You can view that scene here, at the 1:30 mark.

They made the Sunday comics.

Federal judge strikes down North Carolina ultrasound law.

Bump? Why not bump?

North Carolina has introduced a massively dumb program, Read to Achieve. Noting that kids who don’t read on grade level by third grade often go on to perform poorly for the rest of their academic career, and never having heard that correlation != causation, the legislature decided that every kid who didn’t pass the new end-of-grade reading test in third grade would be retained. (summer school, with a retest at the end of it, might prevent the retention).

End social promotion, they said!

And then results from the new EOG came back, and a little over half of third graders failed.

So they added a new option: if kids failed the EOG, but over the course of the second semestery they successfully completed 36 reading passages, that portfolio would keep them from being retained. (There’s a little more to the law than that, but that’s the gist of it).

Districts, terrified at the idea of having half their third graders in summer school, have by and large said, “portfolios for everyone!” Parents have said, “What the hell?!”

It’s pure joy, lemme tell you what. The idea of subjecting kids who struggle at reading to an additional 24 hours of testing over the second semester–hours they could instead spend in instruction or in authentic reading practice–is just about as far from good pedagogy as I can imagine. It’s like your car might not be up to speed in the Indy 500, so you decide to take it off the track in the middle of the race for an extra 36 checkups in hopes that that’ll speed it up.

Now everyone hates the plan. And the NC Legislature has listened, and said, “Oops, we didn’t entirely think that through, let’s change the law.”

JUST KIDDING! They’ve blamed the Department of Public Instruction for implementing the law they passed.

Good times, folks. Good times.

And this, dear friends, is why I have come to the sad realization that it wasn’t my master’s degree that was a waste of time, it was getting my teaching license.

When I was growing up, I had so many people – including a few teachers – tell me to never, ever consider a career as a schoolteacher. :frowning: And things weren’t even this bad back then.

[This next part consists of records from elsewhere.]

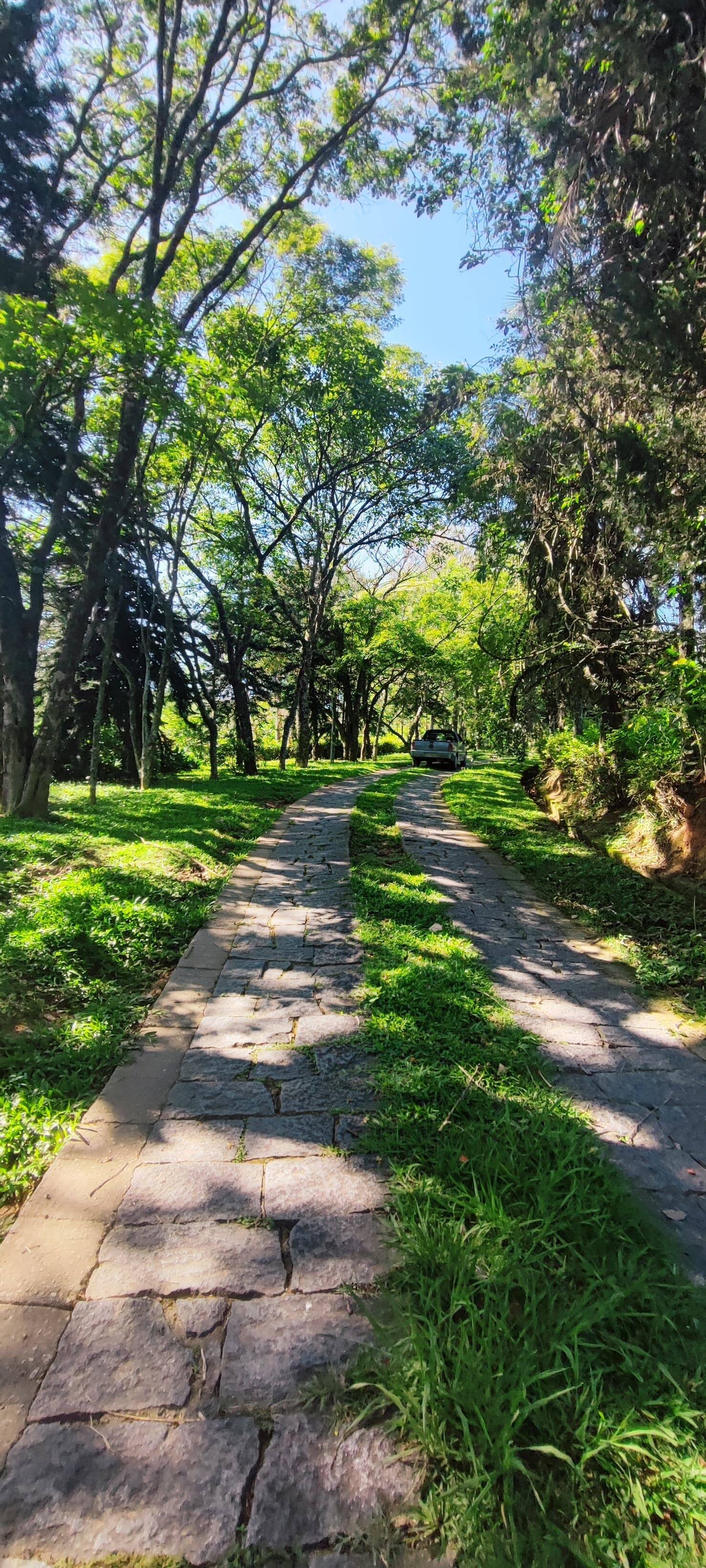 Fazenda à venda com 7 quartos, 242000m² - Foto 5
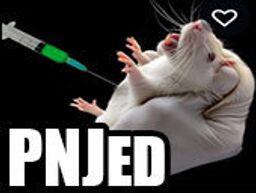 :rat_pnjed:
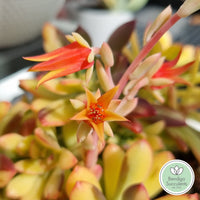 Echeveria 'Golden Nugget'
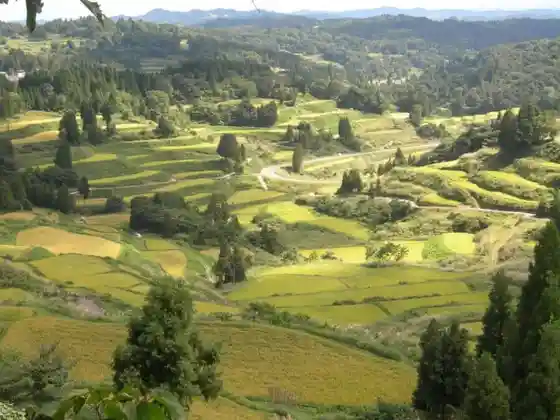Satoyama no Tatsujin Takushii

Phil Berger wins… whatever the award for passive aggressive letter writing is called. From LHOD’s link:

Indeed. Dude’s a tool.

Good news, though: the backpedaling that I was sure would happen by April happened today

What are the requirements for these tests? Well, this is my favorite part:

They’ve said elsewhere that they’re going to hold local school boards accountable.

In other words:

  1. END SOCIAL PROMOTION!
  2. Okay, your students can pass third grade IF THEY CAN PASS 36 ADDITIONAL TESTS!
  3. Okay, or you can make up your own test for them, BUT YOU HAVE TO PINKY SWEAR IT’S A GOOD TEST!

Raise your hand if this is fooling you.

Perhaps social promotion would be ended by stopping all the unnecessary testing. No, no, that makes too much sense for the NCGA in its infinite wisdom. They know best. Their wisdom is indeed infinite.

  1. Race and socio-economic achievement gaps continue. Say: Lazy teachers didn’t implement the verified and guaranteed curriculum properly! Dog whistle: Look! Proof that some groups are just inherently less capable than others.

There is no award. No, it’s fine. It’s not like we need one, or anything.

I mean it would’ve been nice, but really, it’s fine. Whatever.

Moral Monday had quite a rally in Raleigh this weekend – 80,000 to 100,000.

I was there!

How was the energy?

It was great - very enthusiastic, friendly, positive. I do think the 80-100,000 estimate is high (I think that number was provided by the NAACP to the media). I’d guess somewhere in the 10s of thousands, though. I was with the Unitarian Universalist crowd (the “Standing on the Side of Love” people). We had over 1500 people in attendance. I think this is going to be a good momentum builder for 2014.

I do wonder how it’s all going to play out in November. Hard to imagine NC going Dem at this point – but is there any chance of a moderate-Pub insurgency succeeding?

I didn’t see that on a single newscast. “Liberal media.” :rolleyes:

Well, McCrory just announced a plan to give beginning teachers a raise of about 15% over two years, so that’s not nuthin’. McCrory ran on a campaign of being a moderate, more of a manager type than a firebrand. I think that’s who he is at heart, but he completely lost control of the party to the firebrands last year. He appears now to be in the process of trying to bring the party back toward the middle. We’ll see how successful he is.

Is it still the Bullshit, “I’ll give you a raise, if you give up job security,” offer?

No, this is a real one: here’s the story.

He’s proposing it as a raise to “base salary,” which could mean one of three things:

  1. Only first and second year teachers get it–the rest is unchanged.
  2. Everyone who’s earning less than the new base salary gets bumped up to the new base salary for starting teachers; if you’re above that new base salary, yours is unchanged.
  3. Everyone sees a similar raise.

I’m almost certain it’s not #3. If it’s #1, then I as a seventh year teacher will be paid about $3,000 less than a first-year teacher, and I might just have to throw down. If it’s #2, well, that’ll be something.